Scaling Python Data Science Apps

This post focuses on using Python libraries to solve data science problems while leaving scaling considerations to the infrastructure. No clever patterns, nor tricky code, needed.

Python is, arguably, the current tool for data science applications. Numpy and Scipy have a range of algorithms with great performance. Pandas is an easy-to-use, powerful time series library. However, scaling apps built on top of Python libraries to handle large volumes of data in a concurrent fashion is not a trivial task.

‘Classic’ Solutions

Traditionally, if your application wanted to get data from an external source, you had two options. The first option is to adopt a client-server approach.

A client-server approach.

Clients send data to the application whenever they need something processed. Because you don’t know when a client might send data, it requires constant readiness. If another client’s data is already in process, doing both concurrently demands multiple threads of execution, which Python does not excel at. Furthermore, you have to deploy and manage multiple instances of your server application.

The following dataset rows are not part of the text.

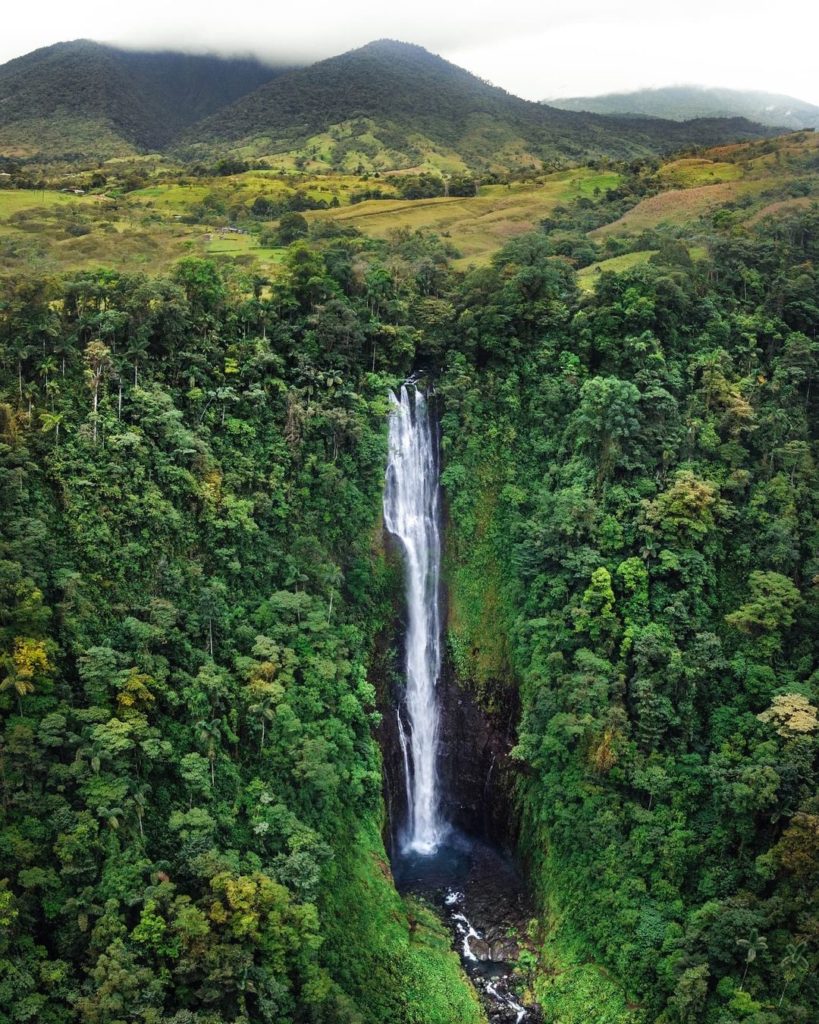Cascadas Pozo Azul y Catarata Nieve y Paz: Aventura Natural en Río Cuarto, Alajuela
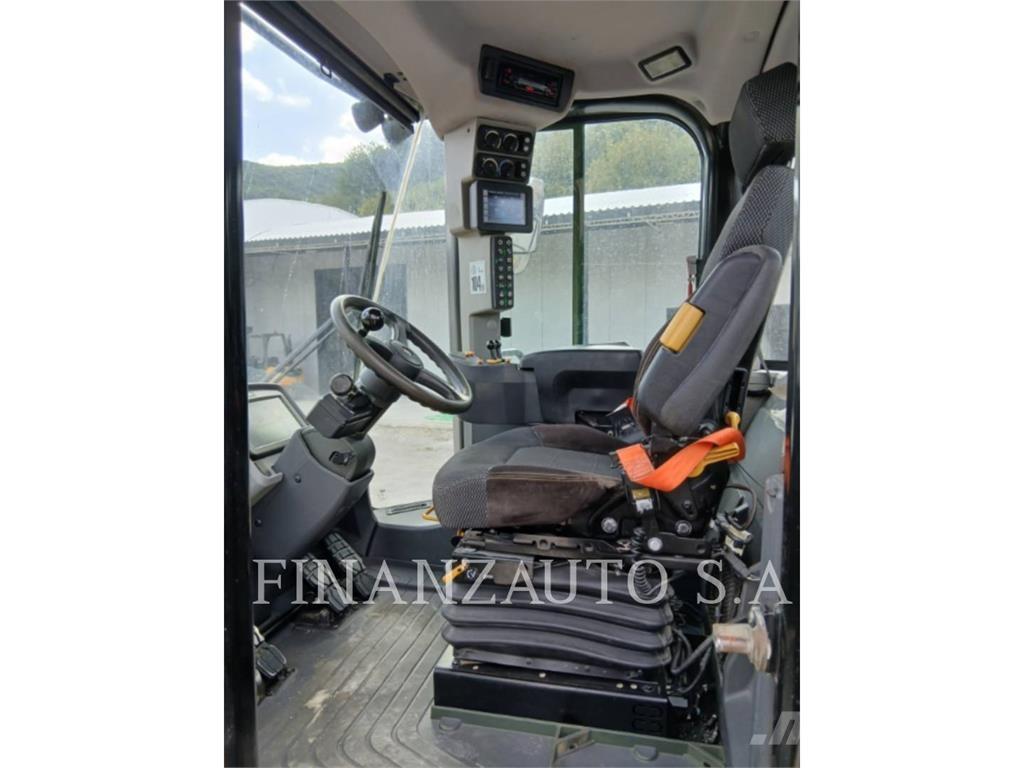 CAT 962M Pyöräkuormaajat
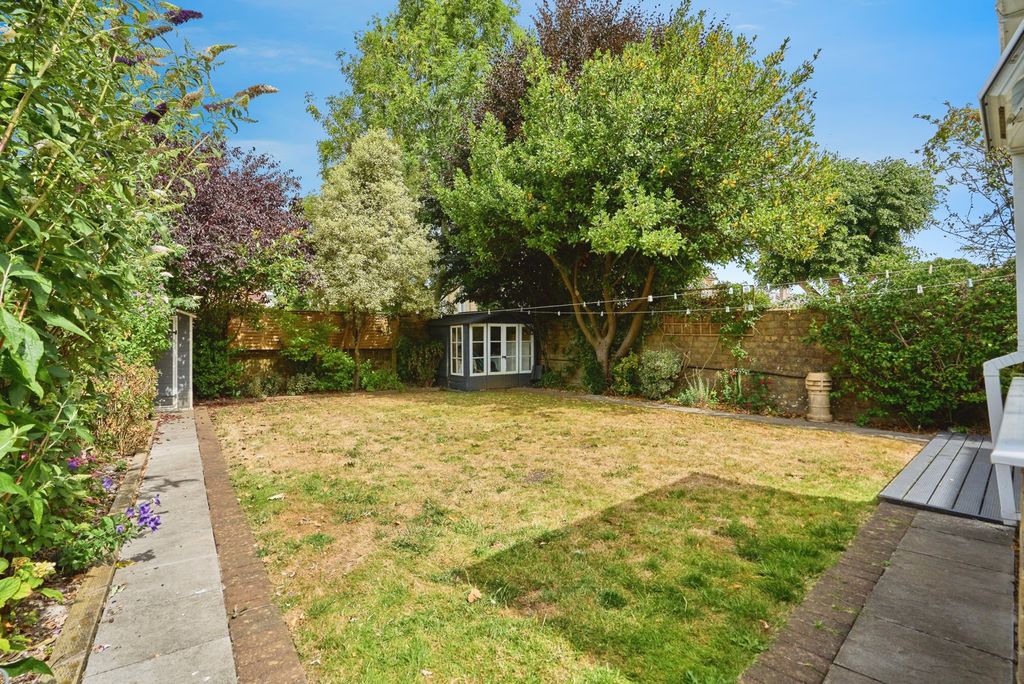 Additional image 9 of 4 bed detached house for saleCastle Road, Newport, Isle Of Wight PO30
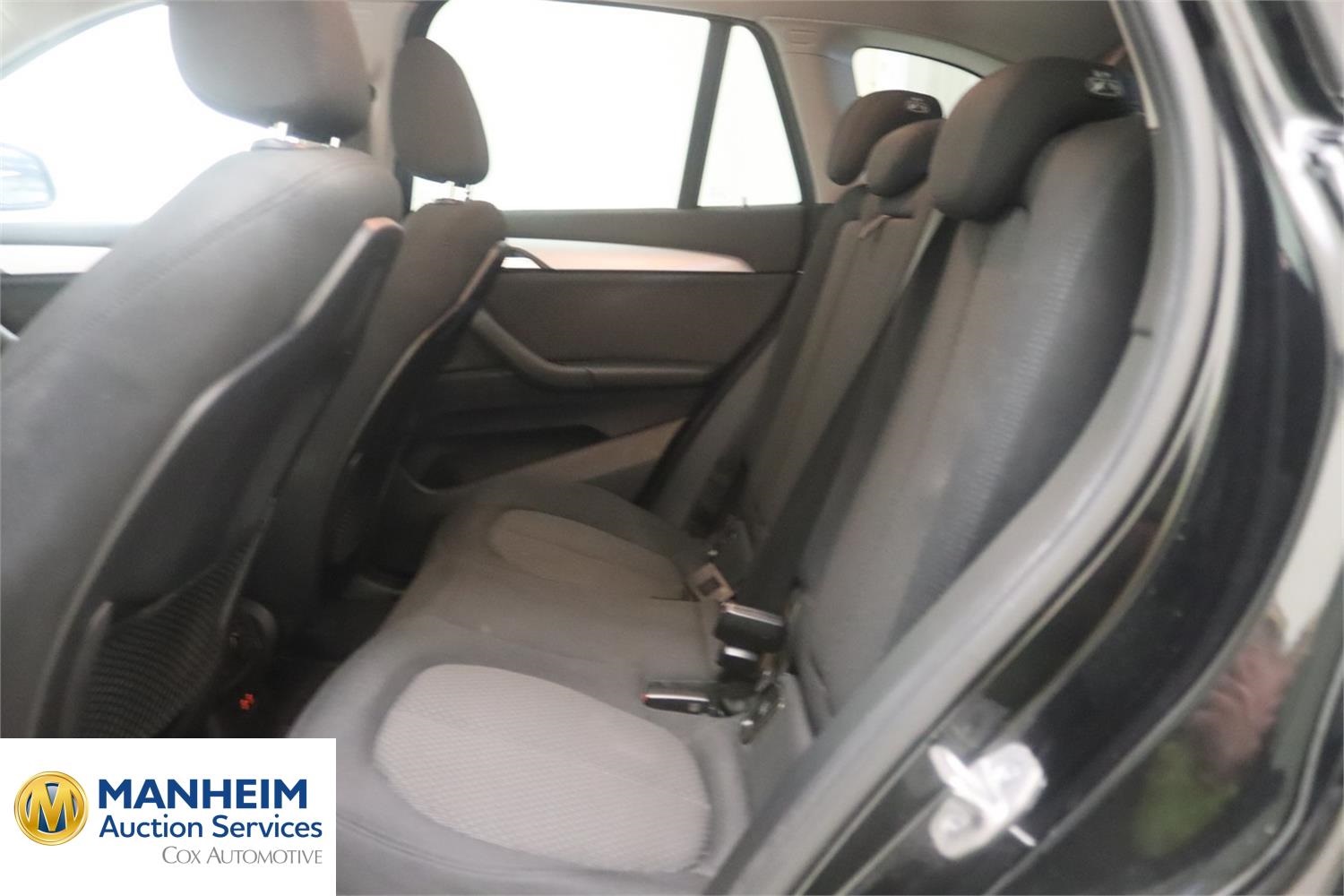 Foto BMW X1 sDrive18d Corporate (F48) 10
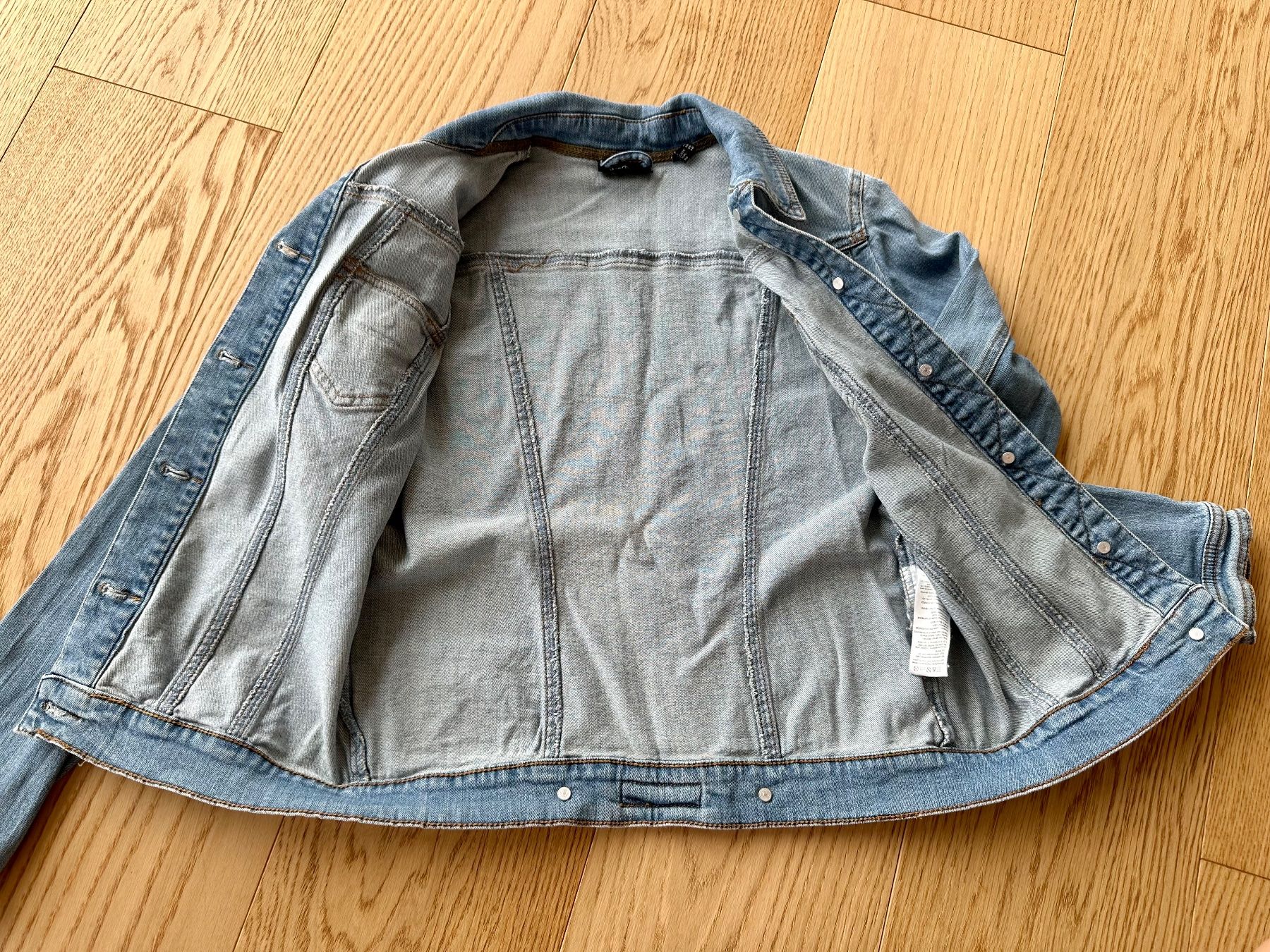 Tchibo Jacken: neuwertige Damen Jeansjacke Gr 36 – Neu (gemäss Beschreibung) aus Hergiswil NW von Labello01 1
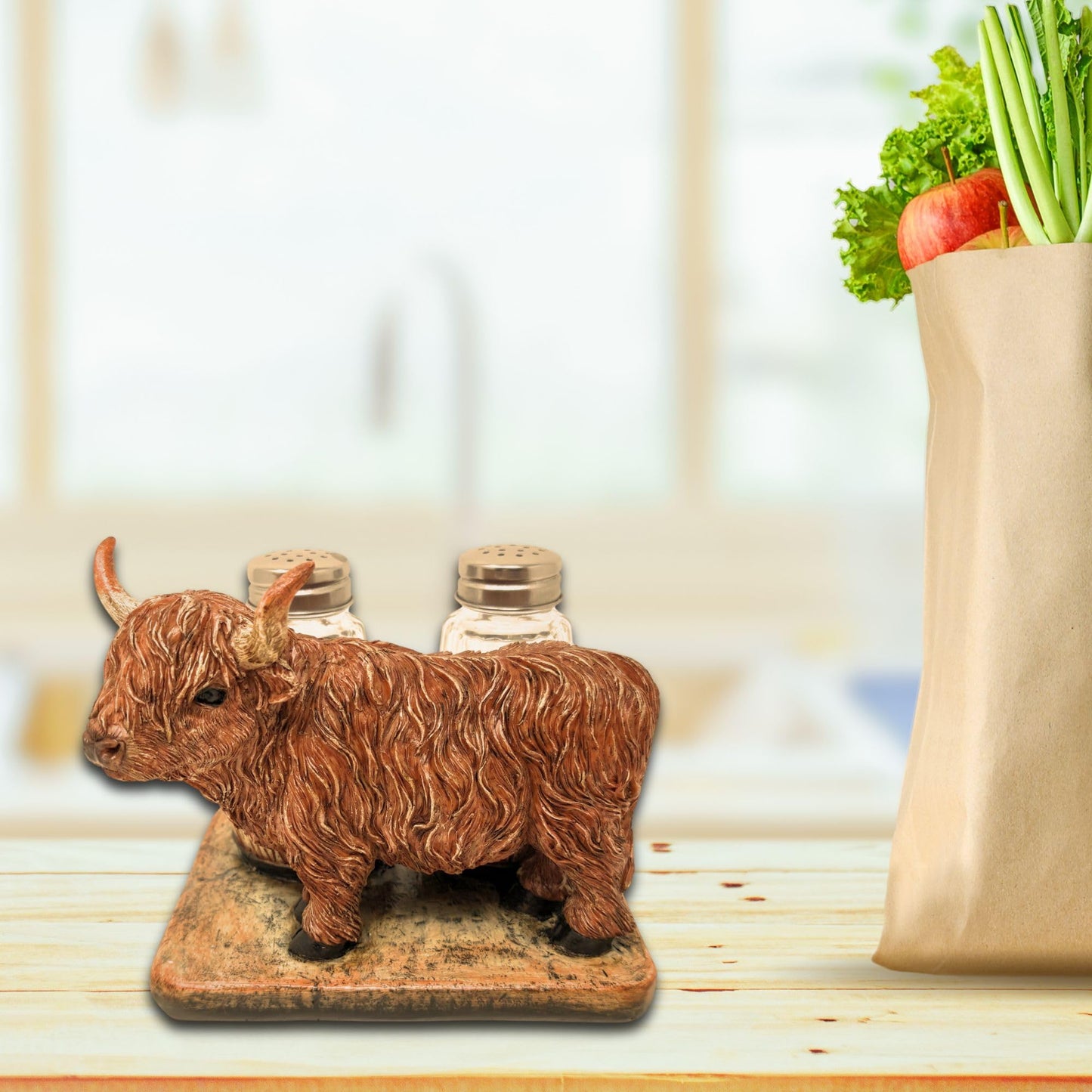 BestGiftEver Highland Cow Salt and Pepper Shakers | Scottish Highland Cow Decor | Rustic Farmhouse Kitchen Accessories | Animal Condiment Holder | Novelty Salt and Pepper Shaker Set for Nature Lovers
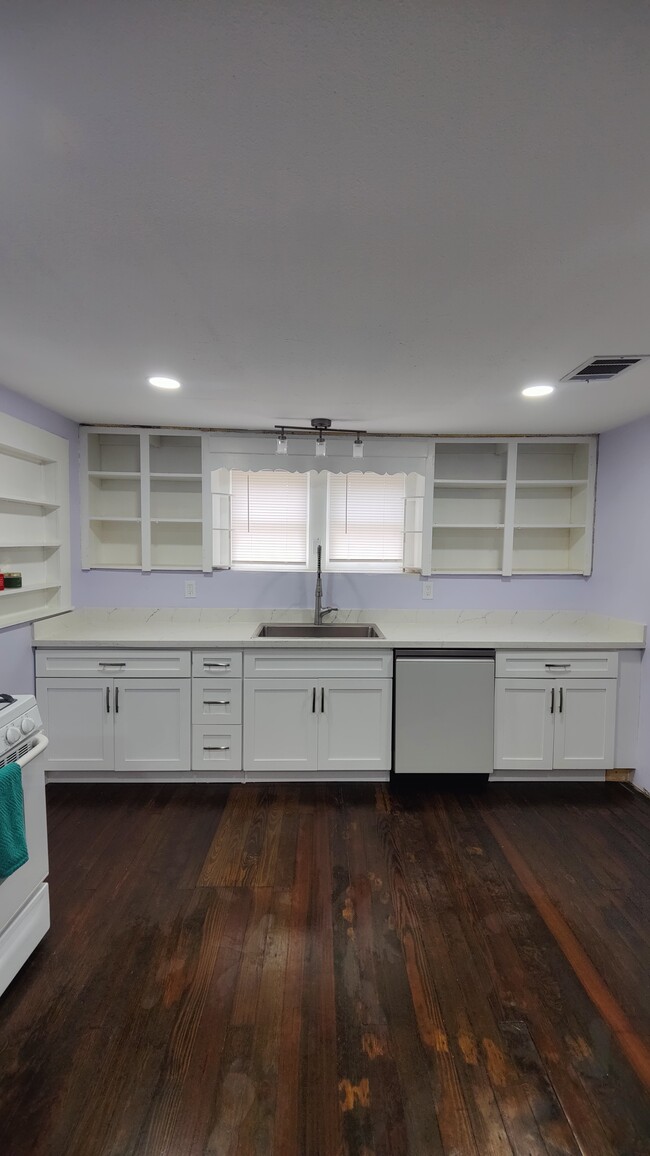 Kitchen. Remodeled - 115 Amundsen St House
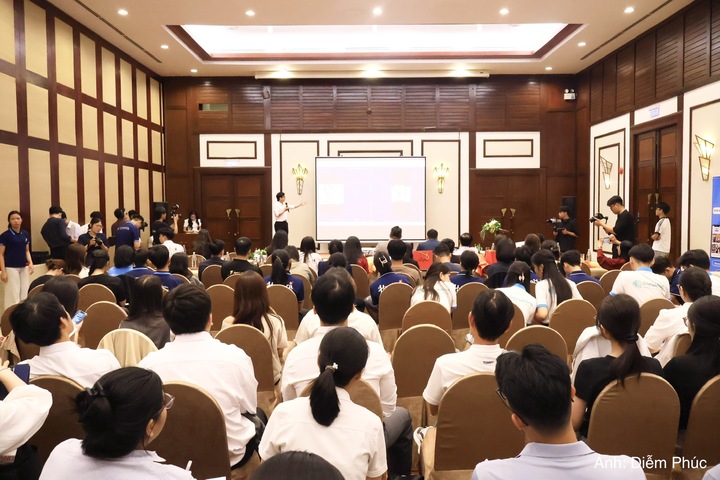 Lần đầu tiên cuộc thi được tổ chức theo hai bảng thi độc lập: bảng doanh nghiệp và bảng sinh viên.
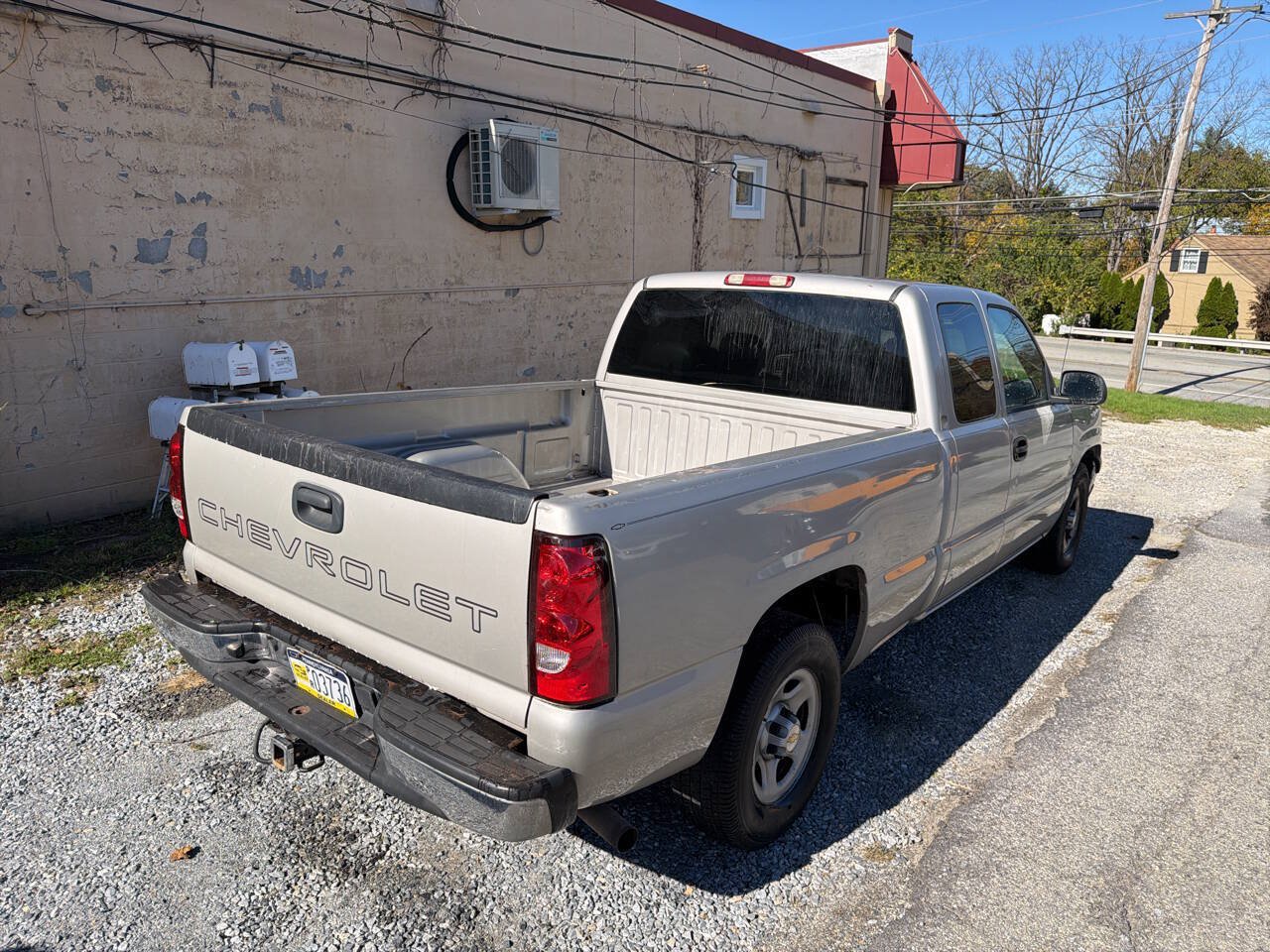 Used 2004 Chevrolet Silverado 1500 W/T RWD image 14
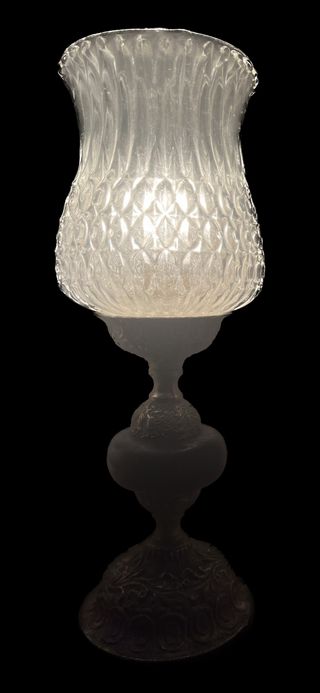 Lámpara antigua de mesilla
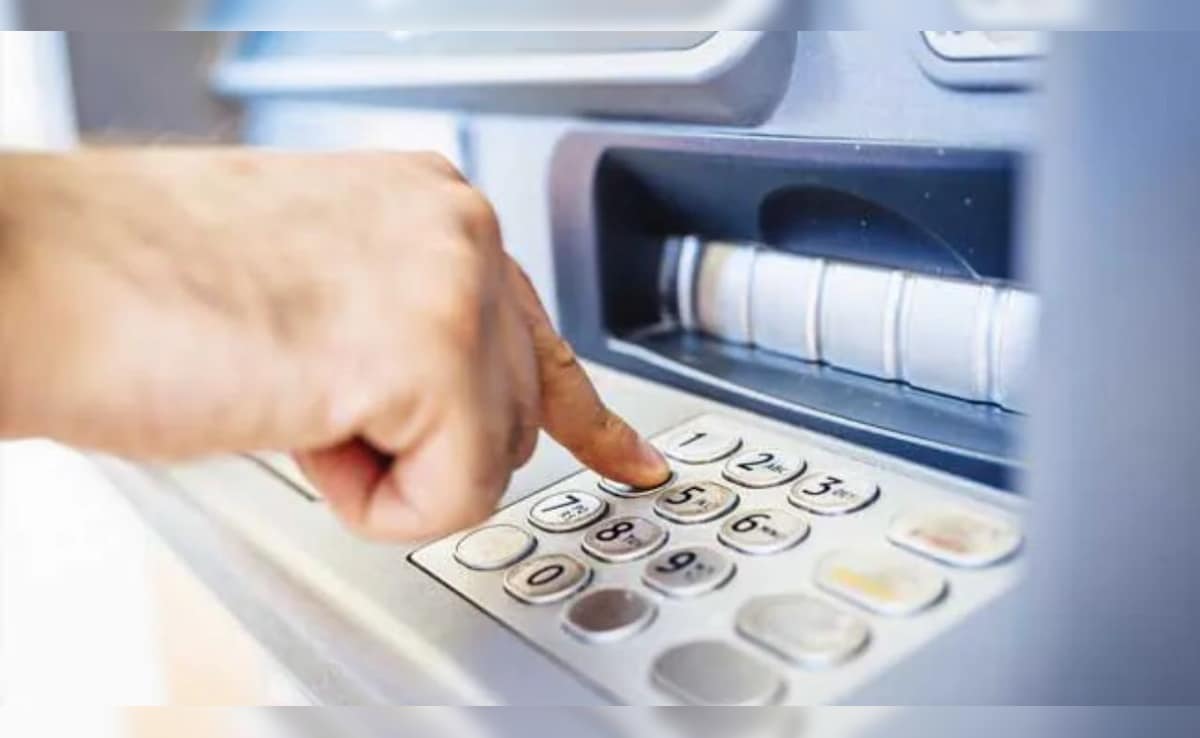 ATM से पैसे निकालने के बाद नहीं आया SMS? जान लें RBI का ये जरूरी नियम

The second option is to have clients store data on a server, and have your application retrieve it.

Data server model.

There are several potential pitfalls here. How do you return the data to the requesting client? If multiple instances of your application want to process client data, how do you track which data has already been processed or is currently being processed? What if the intermediary runs out of disk space? Again, these problems are best handled using other tools.

Kafka and Kubernetes to the Rescue

At Wireless Registry we use Kafka and Kubernetes to handle high throughput requirements. Kafka moves the burden of delivering and storing data outside of data science applications. Kubernetes then dynamically manages the number of application instances without facing concurrency problems (i.e., Kubernetes does our “horizontal scaling”).

Kafka handles the tricky bits.

In the Kafka world, your application is known as a consumer. Clients that need data processed are producers. Producers will send data (or messages) to Kafka.

When your application is ready, it requests a single message (unit of data) from Kafka. You don’t have to worry about threads and synchronization. Should the application have multiple instances, each instance is given a different message, guaranteed.

For example, let’s say your algorithm testing was done by processing data from a CSV file. The code may look as follows:

import csv
with open("data.csv") as data:
data_reader = csv.reader(data)
for line in data_reader:
process(line)

Pretty straightforward as all the work is done in the process() function. How does the same code look when Kafka is involved?

import os
from
kafka import KafkaConsumer
topic = os.getenv("TOPIC")
group = os.getenv("CONSUMER_GROUP")
consumer = KafkaConsumer(topic, group_id=group)
for message in consumer:
process(message)

Not that different! You read messages from a consumer just like you read lines from a CSV file. All the synchronization and network connections are handled by Kafka.

As mentioned above, Kubernetes configures your application, enabled through the os.getenv() function. There’s no need to know what the topic and group are, because Kubernetes will tell your application what they their values are when your instance is deployed.

Summary

At Wireless Registry we use Python to solve data science problems. We use Kafka and Kubernetes to scale those solutions. As a result, our data scientists can focus without worrying about scaling. And as a bonus they can add to their skill sets additional ‘big data’ tools.